#### Material provided
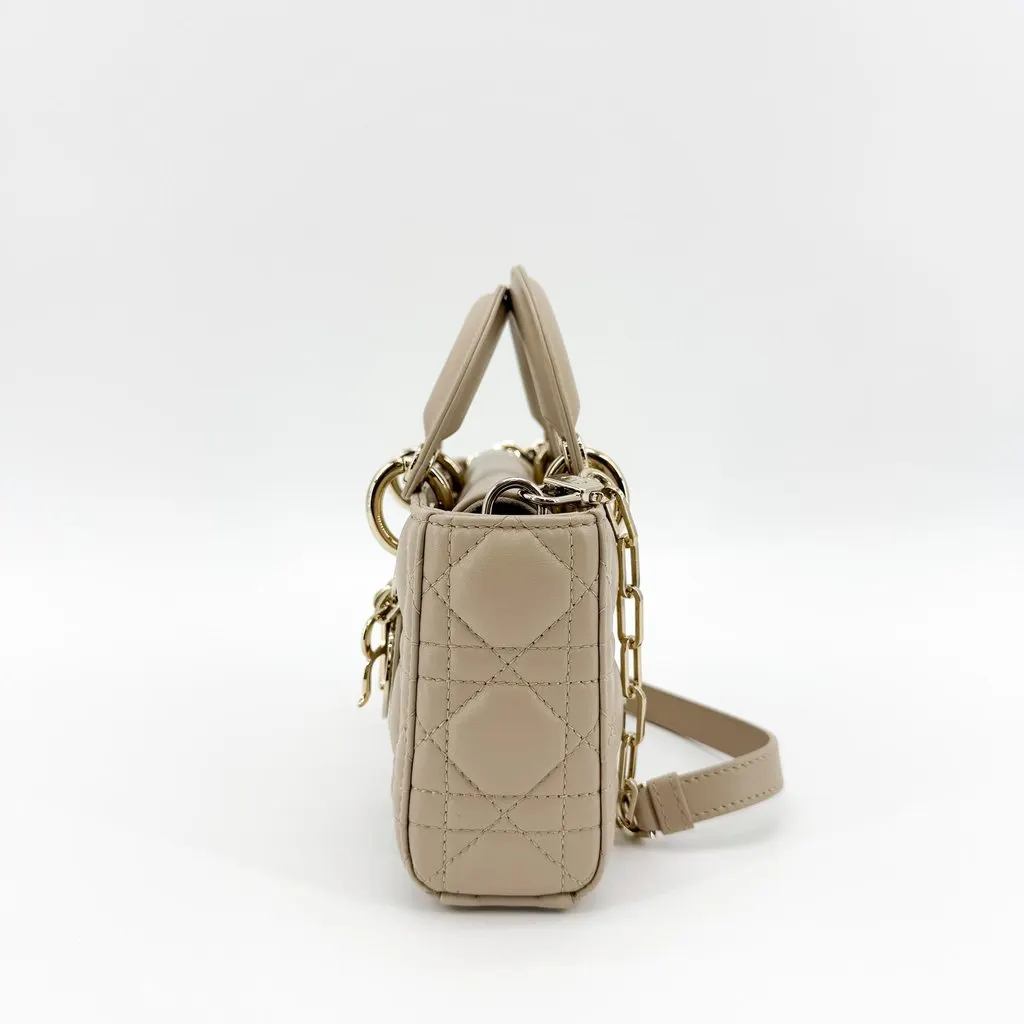 Dior Lady D-Joy Micro Bag Warm Beige Gold Hardware Beige Leather Very good - Box View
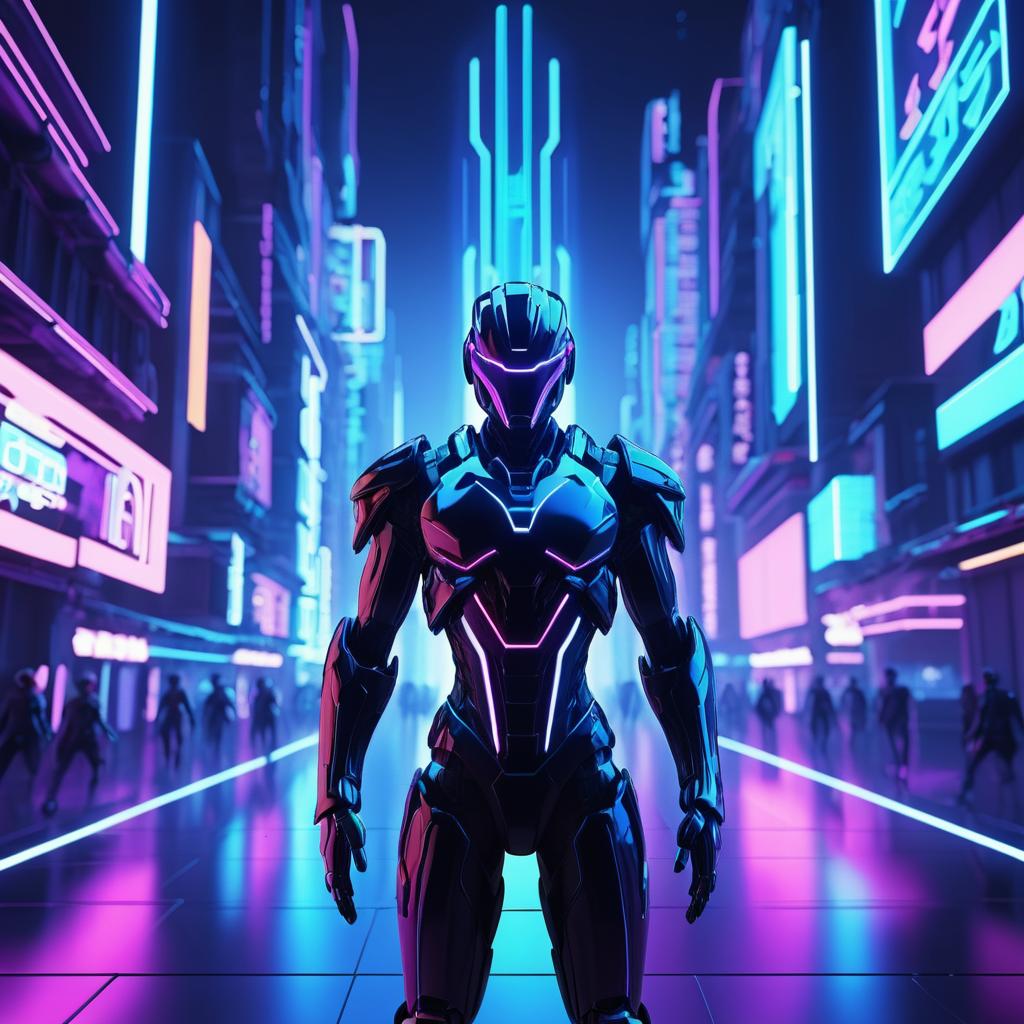 Neon Cybernetic Humanoid in Sci-Fi City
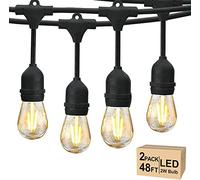 Svater Luces de Cadena,2x15M Impermeable Cadena de Luz, S14 Guirnaldas Bombillas Luminosas de Exterior con 2x15 Globe LED Bombillas,Guirnalda Luces Exterior Perefcto para Jardín Patio Fiesta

#### Work to be completed
Nothing but an exact copy of the data, without pictures, should be returned.

#### Written reply
 Dior Lady D-Joy Micro Bag Warm Beige Gold Hardware Beige Leather Very good - Box View
 Neon Cybernetic Humanoid in Sci-Fi City
 Svater Luces de Cadena,2x15M Impermeable Cadena de Luz, S14 Guirnaldas Bombillas Luminosas de Exterior con 2x15 Globe LED Bombillas,Guirnalda Luces Exterior Perefcto para Jardín Patio Fiesta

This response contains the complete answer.